July 28, 2020

A Library Is Alive

It’s an image that calls itself up randomly sometimes: the corner of the garden. It’s literally a corner—two fences that meet at a right angle, barely containing an explosion of fronds and ferns. The moment I see it from the street, I unplug from this world. Soon, I’ll be in one without cellular service or the internet, hidden by a shady valley in a small house that holds an enormous collection of books.

Picture dusty floor to ceiling shelves bowing under the haphazard weight of not just literature and poetry, but works on ecology, gardening, Buddhism, Hawaiiana, cooking. I often find myself thinking of W.S. and Paula Merwin’s library as its own sort of seed bank. As in: if the world as we know it ends, at least there will be this repository of wisdom. I think of it as not unlike the great libraries of the ancient world that ushered important works through the dark ages. 

A section of the collection holds many books about gardening

A private collection this ungainly and diverse would be remarkable in any city of the world. That it exists in this obscure nook on a remote island in the middle of the Pacific feels, to me, miraculous, a treasure to be guarded, preserved, and someday, conscientiously, shared. All personal libraries are intimate curations that invite conjecture, but this one seems more galaxy than mirror. It’s a forest and the luxury of getting lost here is the essential opposite of, say, browsing the staff picks at a chain bookstore, though even that is starting to seem quaint in the face of the algorithm. 

In the house, all of the clocks are set to a different hour, not intentionally, and I hope they remain that way as it creates a sense that time isn’t passing as much as it is being metabolized; instead of a grumpy taskmaster, it’s just another nutrient.
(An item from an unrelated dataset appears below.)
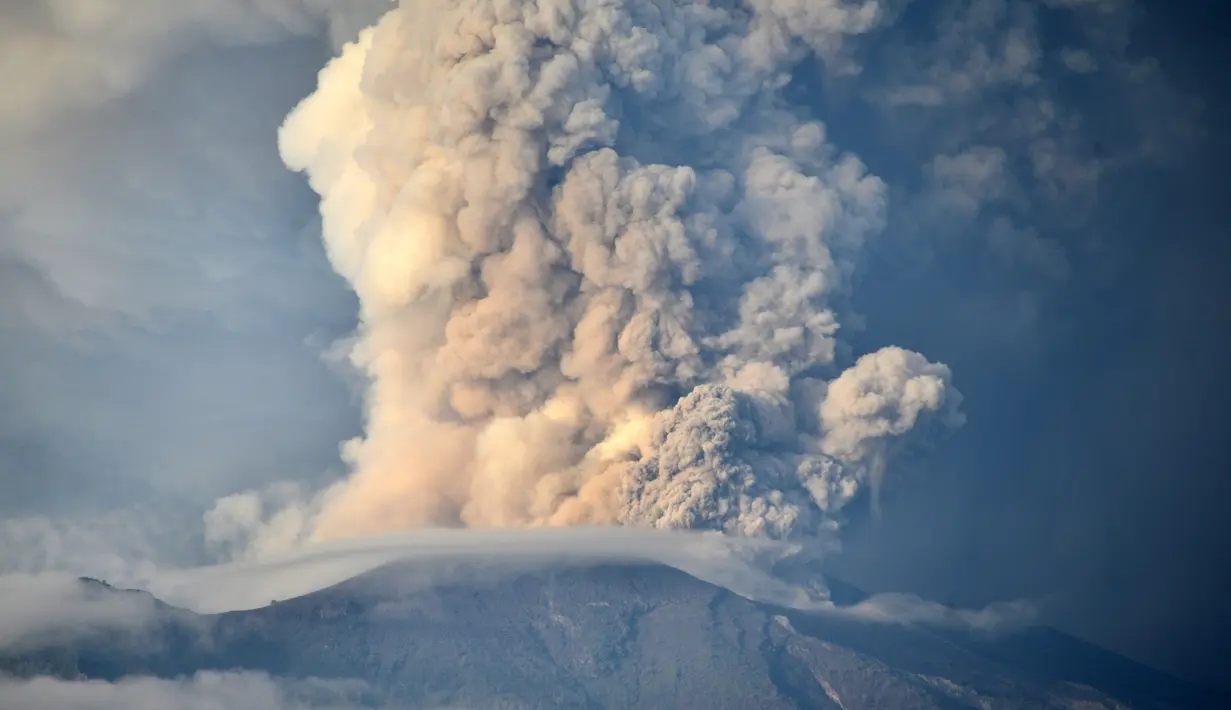 Asap tebal keluar dari Gunung Agung di Kabupaten Karangasem, Bali (28/11). Kepulan asap tebal ini terjadi karena ada dua lubang asap vulkanis di Gunung Agung. (AFP Photo/Sonny Tumbelaka)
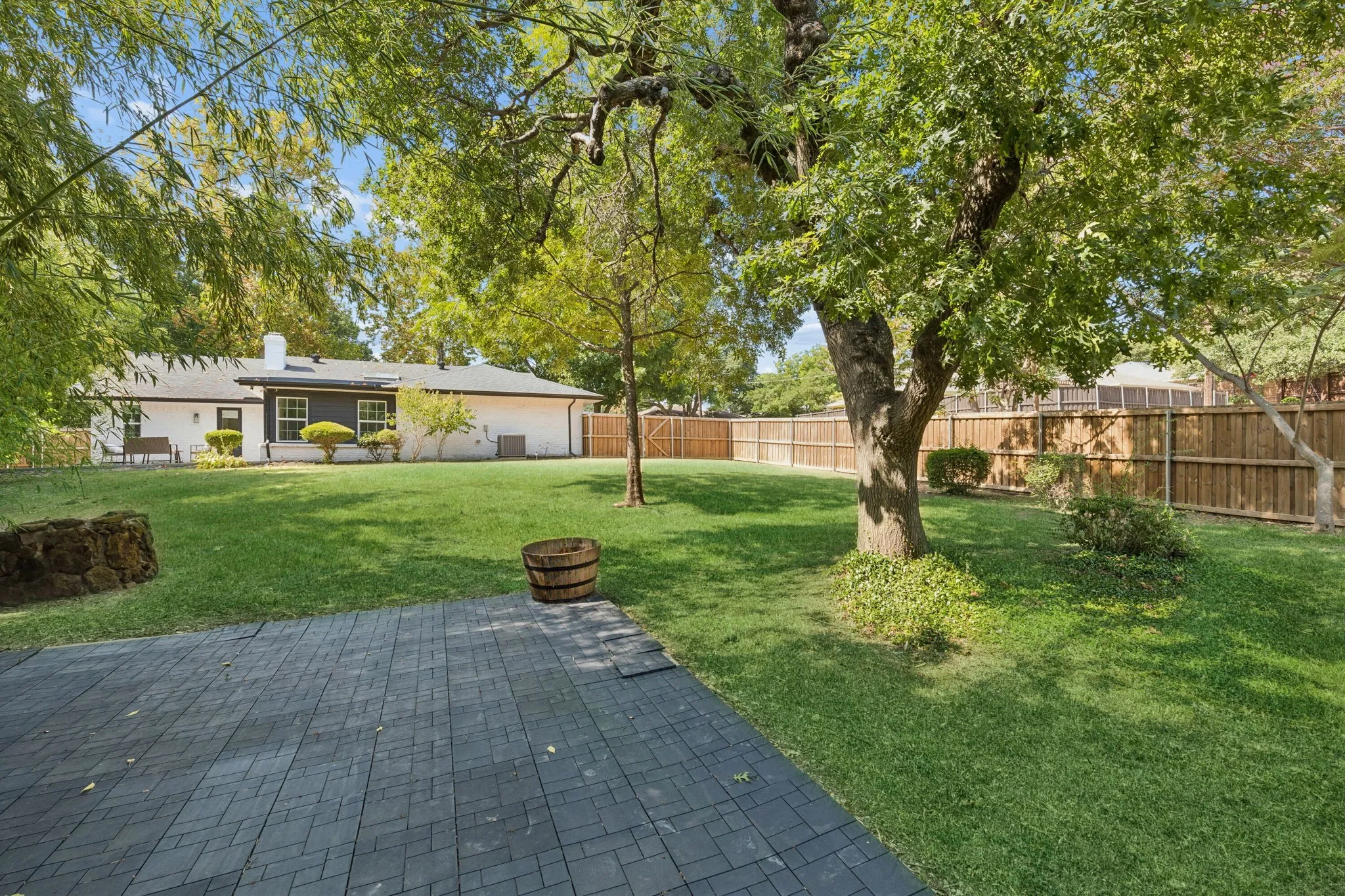 Expansive backyard with a patterned paver patio, established trees, and a wooden privacy fence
There is a transparency to it, as if it has very little to do with the actual day. I call this “library time,” which, not unlike “garden time,” is marked by increments of growth and decay. 

Some of the books fall apart in our careful, gloved hands. Others, though older than our combined ages, look like they came off the presses last week. We clean and catalogue each volume, from 19th century botanical treatises to obscure French novels perhaps purchased one afternoon while walking along the Seine. Between their pages, we discover dried flowers, photographs, grocery lists, notes, scraps of poems. Each book is the site of two stories, the one told in its pages, and a personal one, the journey it took as an object that somehow ended here, in this jungle home.

These artifacts from a life so fully lived require gentle and thorough care. A rare combination. It would be easy to feel a sense of urgency at the sheer scope, the almost absurd abundance, of this collection that must be gone through, book by book, but one can’t be gentle and thorough when rushing. A first edition dust jacket is so easily torn, a forgotten letter, tucked between pages, easily overlooked. And so I try not to think too much about the future, focusing instead on whatever small world I hold in my hand.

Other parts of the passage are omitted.